Problem to work on – Output the lines from the one holding "Steel Bars for the Automotive Industry" to the end of the entries that follow, exactly and only those, minus any pictures.
###
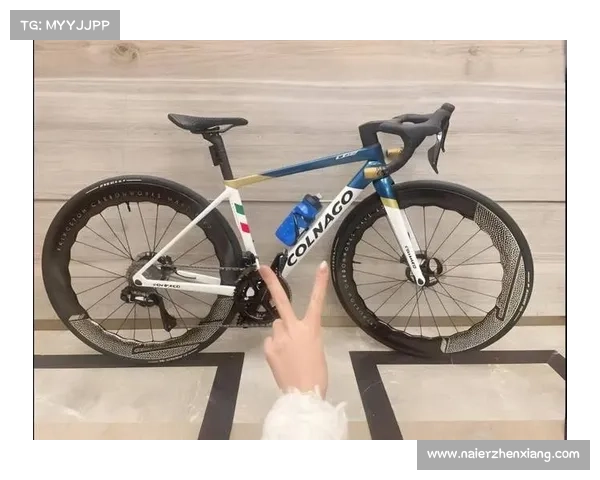 什么自行车11w多?买了不用蹬吗?盘点下崔克_闪电_梅花高端车 什么自行车11w多?买了不用蹬吗?盘点下崔克_闪电_梅花高端车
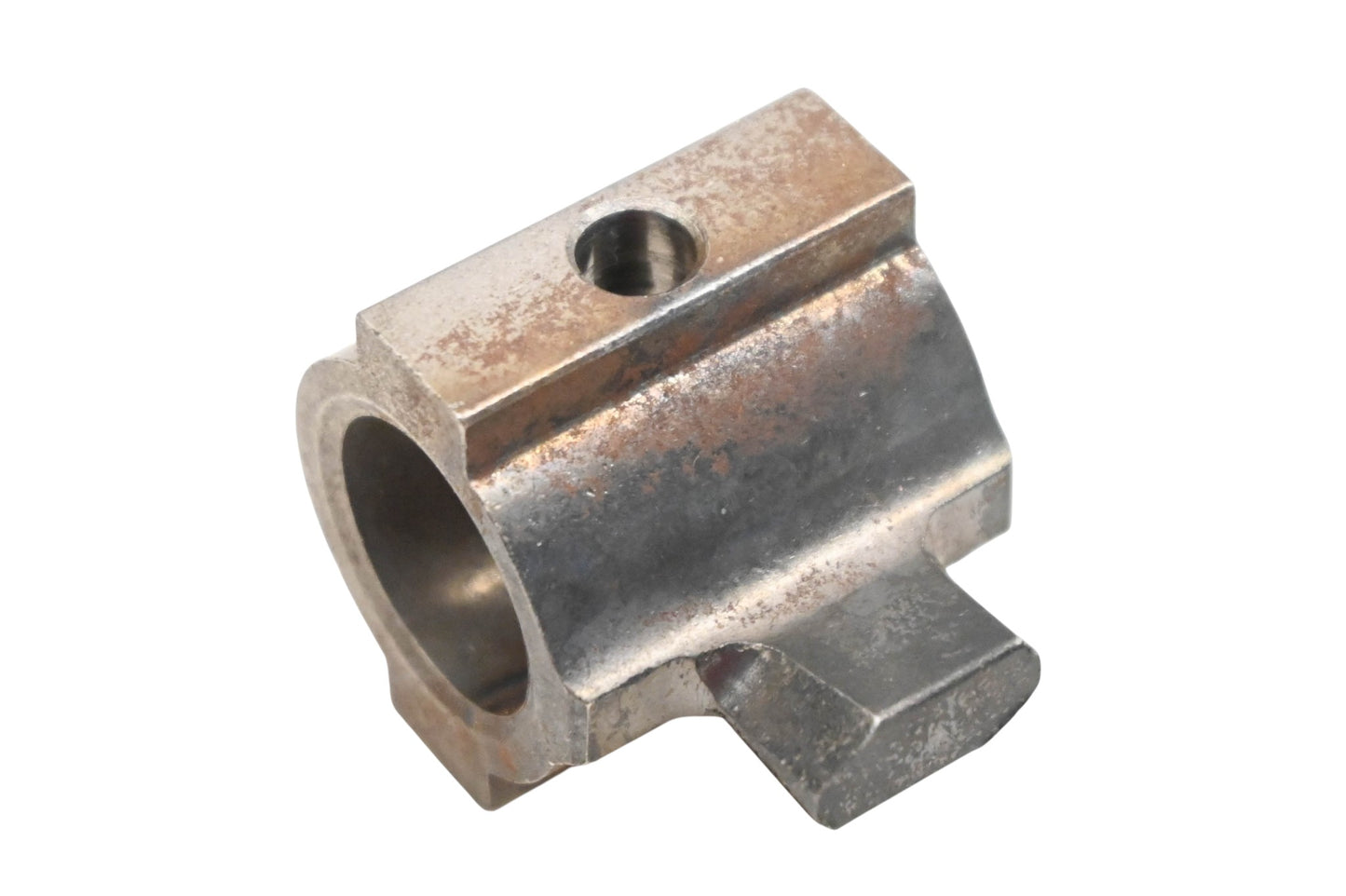 New OEM Ford F7CZ-7346-AA Arm NOS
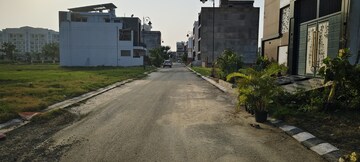  Plot For Sale in Wave Hitech City, Wave City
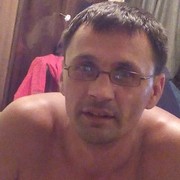  ,  , 46
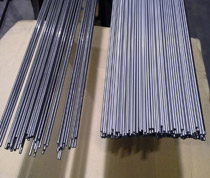 Steel Bars for the Automotive Industry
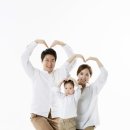 장스내과의원 이미지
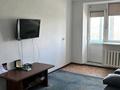 1-комнатная квартира · 35 м² · 5/5 этаж, мкр 12 17 — Напротив мечети Нур-Гасыр за 12.6 млн 〒 в Актобе — фото 8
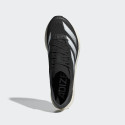 adidas Adizero Takumi Sen 10 Shoes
###
Expected answer –
 Steel Bars for the Automotive Industry
 장스내과의원 이미지
 1-комнатная квартира · 35 м² · 5/5 этаж, мкр 12 17 — Напротив мечети Нур-Гасыр за 12.6 млн 〒 в Актобе — фото 8
 adidas Adizero Takumi Sen 10 Shoes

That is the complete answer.